C'est par exemple ce qu'affirme à longueur de pages l'auteur de « La guerre des intelligences ». Une idée absurde, qui ne peut être défendue qu'en déformant grossièrement les travaux de recherche et en ignorant, au contraire, de très nombreuses autres études qui montrent l'importance de la qualité de l'éducation dans la réussite scolaire et sociale.

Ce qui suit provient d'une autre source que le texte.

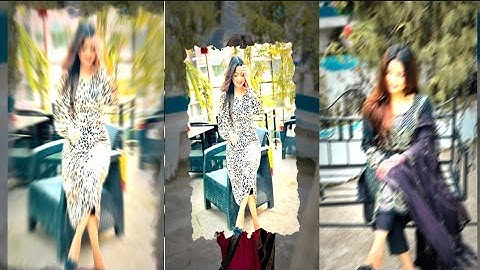 Main Tera boyfriend X Hebi lagche 🔥Alight motion video editing || Official AF Editing ✉️#xmlpreset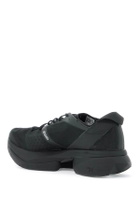 Y-3 Adios Pro Sneakers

Pourquoi l'Ecole polytechnique n'initie-t-elle pas un établissement de ce type en créant un lycée polytechnique, qui serait composé d'élèves à potentiel mais issus de milieux modestes et sélectionnés dès le collège ? Il serait ainsi possible de tripler les cohortes d'élèves de la célèbre école, une nécessité à un moment où, plus que jamais, l'on cherche à démultiplier le nombre d'ingénieurs pour permettre la réindustrialisation de ce pays ou encore son développement dans l'IA.
Ancien Régime
Il y a quelques années, j'étais allé défendre cette idée auprès de la direction de l'X et de ses ministères de tutelle. On m'avait écouté poliment et l'un de mes interlocuteurs avait même eu le culot de m'affirmer qu'il s'intéresserait à l'idée si je parvenais à trouver le financement pour la mettre en oeuvre.

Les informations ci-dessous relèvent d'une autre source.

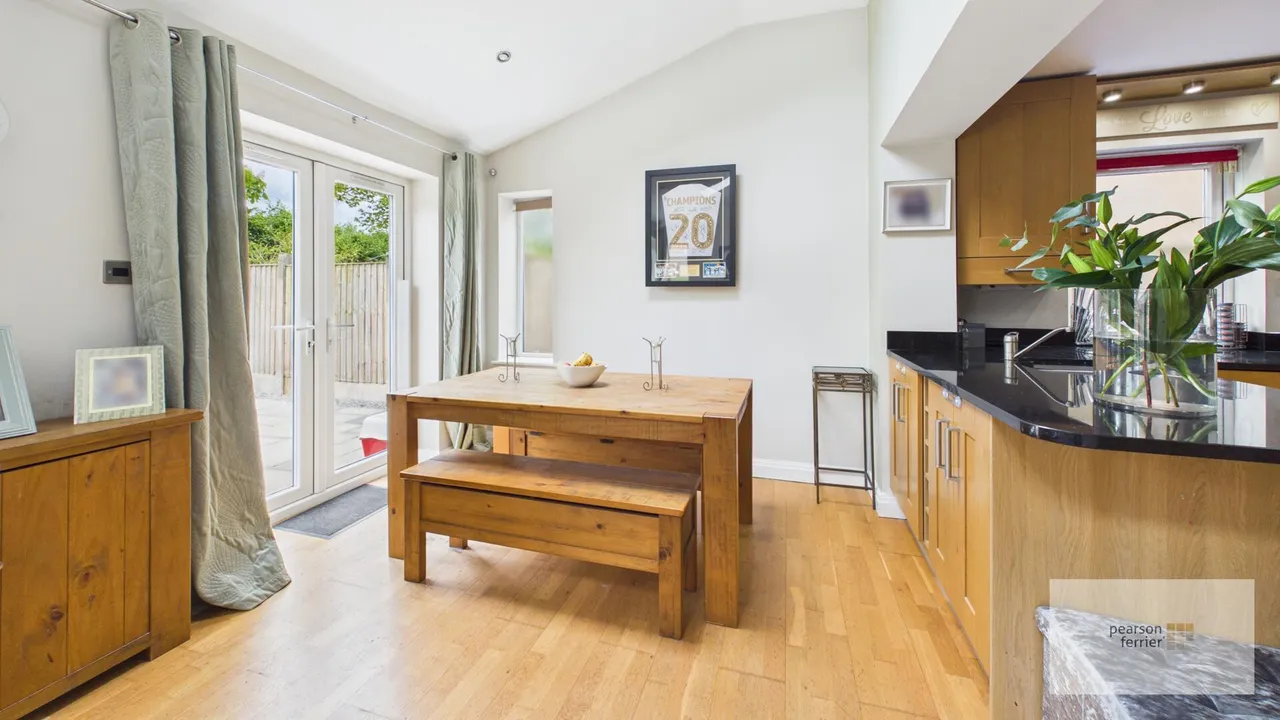 Smithills Hall Close, Ramsbottom, Bury, BL0 9FF, photo 8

Est-il nécessaire de souligner que je ne suis ni fonctionnaire de l'enseignement supérieur (ni fonctionnaire tout court), ni ancien élève de cette école et que ma démarche n'était animée par rien d'autre que l'esprit républicain ? Il ne faut pas après s'étonner que les Français en aient assez d'observer leurs élites se reproduire comme elles le faisaient au cours des dernières décennies de l'Ancien Régime et finissent par voter pour le premier idiot qui leur promet la lune.